Electronic statistics textbook banner

Fraud Detection


Fraud detection is a topic applicable to many industries including banking and financial sectors, insurance, government agencies and law enforcement, and more.  Fraud attempts have seen a drastic increase in recent years, making fraud detection more important than ever. Despite efforts on the part of the affected institutions, hundreds of millions of dollars are lost to fraud every year.  Since relatively few cases show fraud in a large population, finding these can be tricky. 

In banking, fraud can involve using stolen credit cards, forging checks, misleading accounting practices, etc.  In insurance, 25% of claims contain some form of fraud, resulting in approximately 10% of insurance payout dollars.  Fraud can range from exaggerated losses to deliberately causing an accident for the payout.  With all the different methods of fraud, finding it becomes harder still.  

Data mining and statistics help to anticipate and quickly detect fraud and take immediate action to minimize costs. Through the use of sophisticated data mining tools, millions of transactions can be searched to spot patterns and detect fraudulent transactions. 

An important early step in fraud detection is to identify factors that can lead to fraud. What specific phenomena typically occur before, during, or after a fraudulent incident?  What other characteristics are generally seen with fraud?  When these phenomena and characteristics are pinpointed, predicting and detecting fraud becomes a much more manageable task. 
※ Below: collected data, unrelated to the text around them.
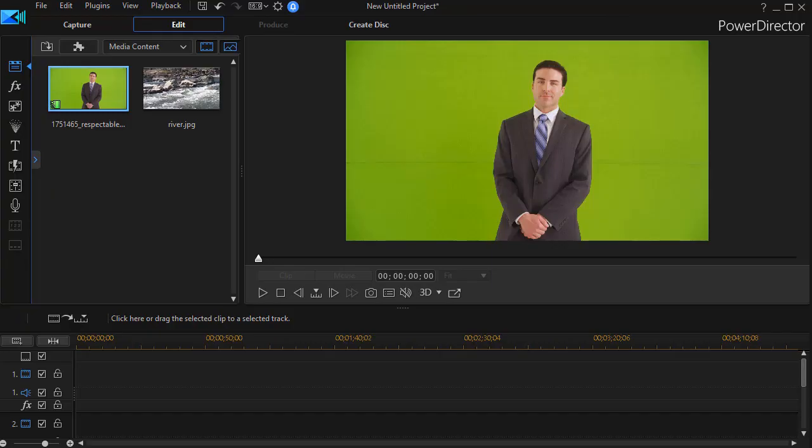In this tutorial in CyberLink PowerDirector, I'd like to show you a simple way to increase the number of background images you have available by default, no matter what kind of project you're working on.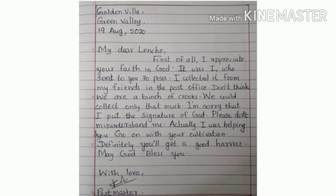The postmaster continues: 'Don't worry, you will get a good harvest. First, go on with your cultivation.' Then the postmaster blesses Lencho: 'May God bless you.' The letter closes with 'With love, the Postmaster.' I think now you have a clear idea about how to write an informal letter. We can meet in the next class. Thank you.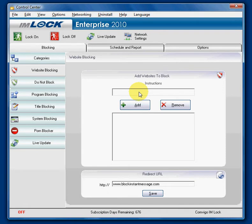Let's take YouTube as an example — say you want to block YouTube. Most people will come in and type in HTTP www.youtube.com to block it. This is not the best way.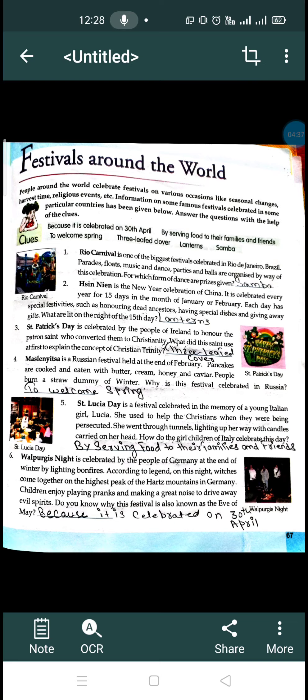The last one is Walpurgis Night, celebrated by the people of Germany. The belief is that on this day, evil spirits, witches, and negativity gather at high peaks with great power. To reduce this negativity and bring in positivity, people light a bonfire and celebrate Walpurgis Night. This day is also called the eve of May because it is celebrated on the 30th of April, just before May begins.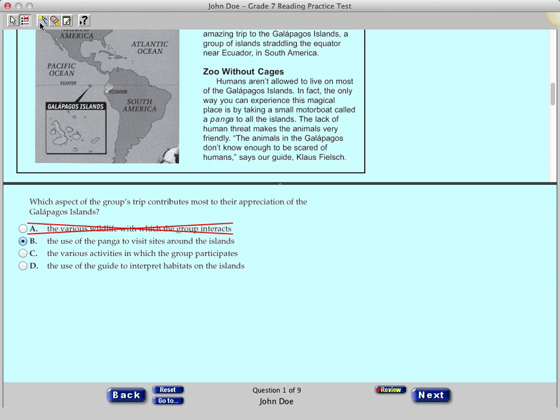Click the third icon on the toolbar, which is the Highlighter tool. You can use this tool to highlight portions of a reading passage or a question.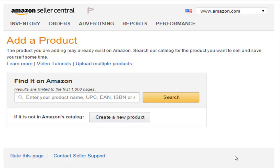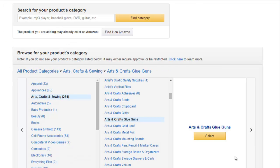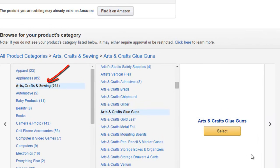At this point you should be on the page for adding a product, so we're ready to create a listing. Make sure when you go to add a product, you click on 'Create a New Product.' For this example, we're going to say we're selling some glue guns in the arts and crafts category. So you'd select 'Arts and Crafts and Sewing,' and then it's going to ask you to select the subcategory, which in this case is 'Arts and Craft Glue Guns.' Then just hit select.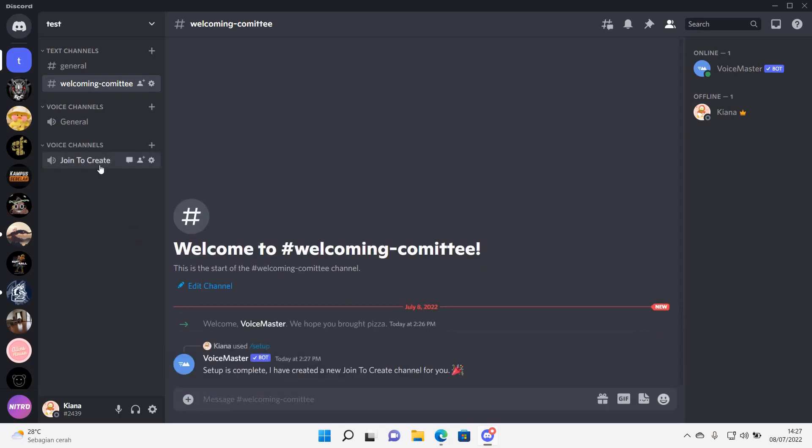Then as you can see, you have this. So whenever I join a Discord channel, I can create my own channel.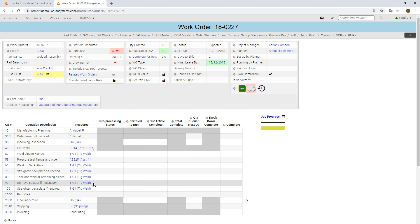That's just a quick little taste of how we can go from an estimate and very quickly move all the way into order entry, create a work order, order those parts from a vendor, and then bring them back in. Hopefully that gives you a little idea of how ProShop would handle a situation like that. Thanks for watching.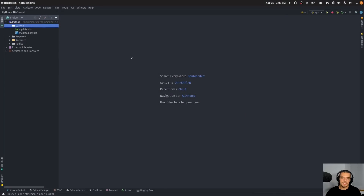We're going to take a look at DuckDB in this video today. DuckDB is a very fast, minimal, in-process OLAP database management system. Now, this is a huge term, so let's break it down.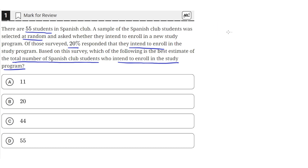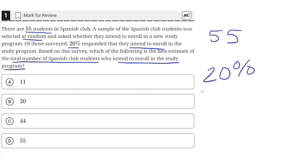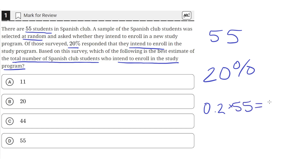So there are a total of 55 students and 20% said they intend to enroll. So 20% of the total number of students in the Spanish club will tell us how many of the Spanish club students want to enroll. So 20% of 55 is just 0.2 times 55, which is equal to 11. So 11 students intend to enroll in Spanish club, which is answer choice A.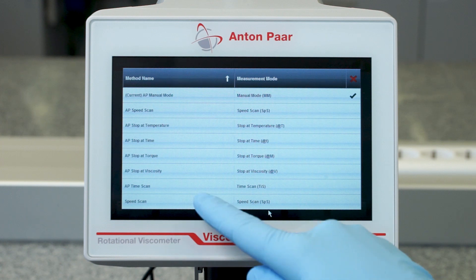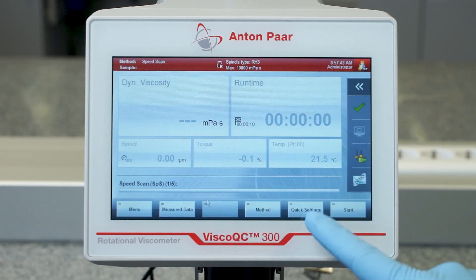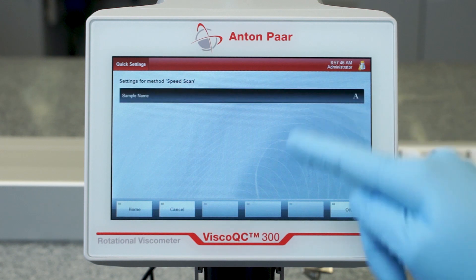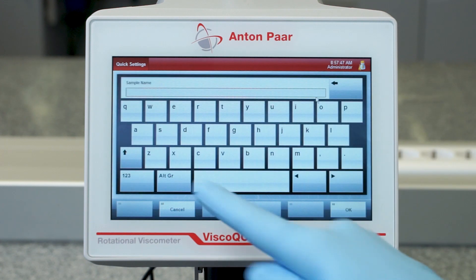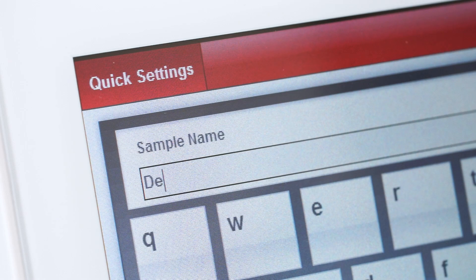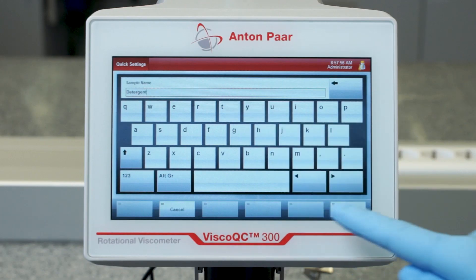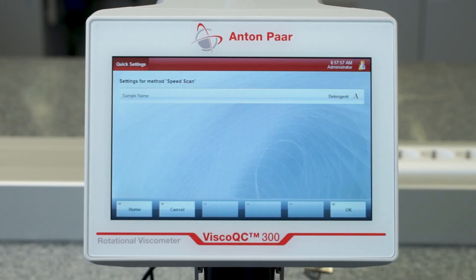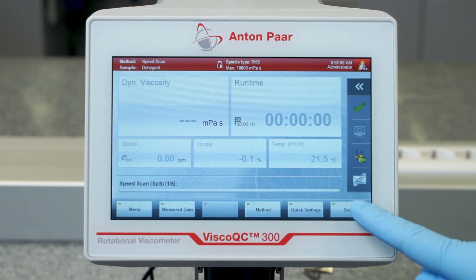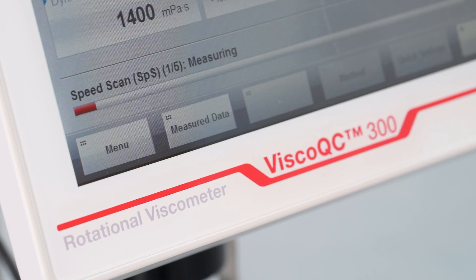Go back to the main screen and choose your method. Insert a sample name. Tap start to begin your multi-point measurement speed scan.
Association Rules graph for Fraud DetectionUsing sophisticated data mining tools such as decision trees (Boosting trees, Classification trees, CHAID and Random Forests),  machine learning,  association rules, cluster analysis and neural networks , predictive models can be generated to estimate things such as probability of fraudulent behavior or the dollar amount of fraud.  These predictive models help to focus resources in the most efficient manner to prevent or recuperate fraud losses.
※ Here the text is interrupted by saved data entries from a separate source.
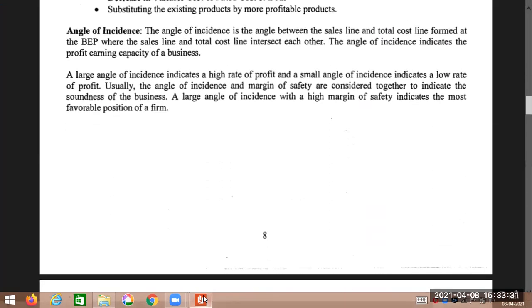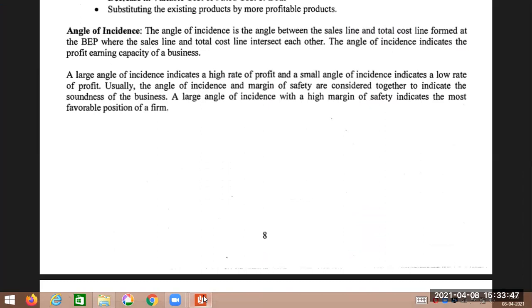The last point is angle of incidence — very useful for MCQs. The angle of incidence is the angle between the sales line and the total cost line formed at break-even point where the sales line and cost line intersect each other. It discloses the profit earning capacity. A high angle of incidence means higher profit; a low angle means low profit.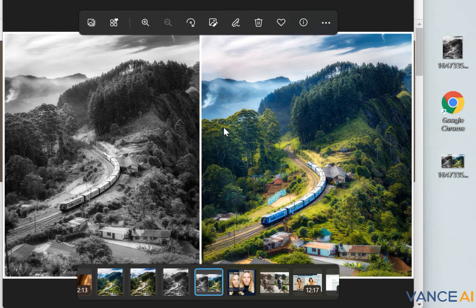Hello everyone! Weather is an important factor that affects photography quality. When the weather is overcast, the photo will become grey.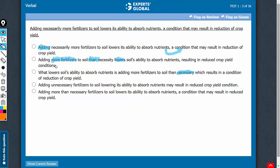Answer choice B uses more fertilizers than necessity rather than necessary, and therefore, answer choice B should be eliminated.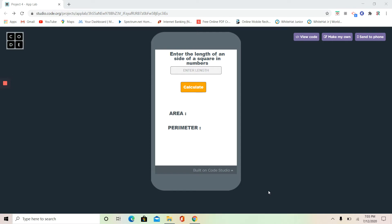Hey guys, this is your friend Rishan. Today we're going to be doing an App Lab project in code.org. I hope you guys will love this video, so let's get started.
"Fraud” vs. “Erroneous” Claims, Information, etc.

The notion of “fraud” implies an intention on the part of some party or individual presumably planning to commit fraud. From the perspective of the target of that attempt, it is usually less important whether or not intentional fraud has occurred, or some erroneous information was introduced into the credit system or process evaluating insurance claims etc. So from the perspective of the credit, retail, insurance, or similar business the issue is rather whether or not a transaction that will be associated with loss has occurred or is about to occur, if a claim can be subrogated, rejected, or funds recovered somehow, etc.

While the techniques briefly outlined here are often discussed under the topic of “fraud detection”, other terms are also frequently used to describe this class of data mining (or predictive modeling; see below) application, as “opportunities for recovery”, “anomaly detection”, or using similar terminology.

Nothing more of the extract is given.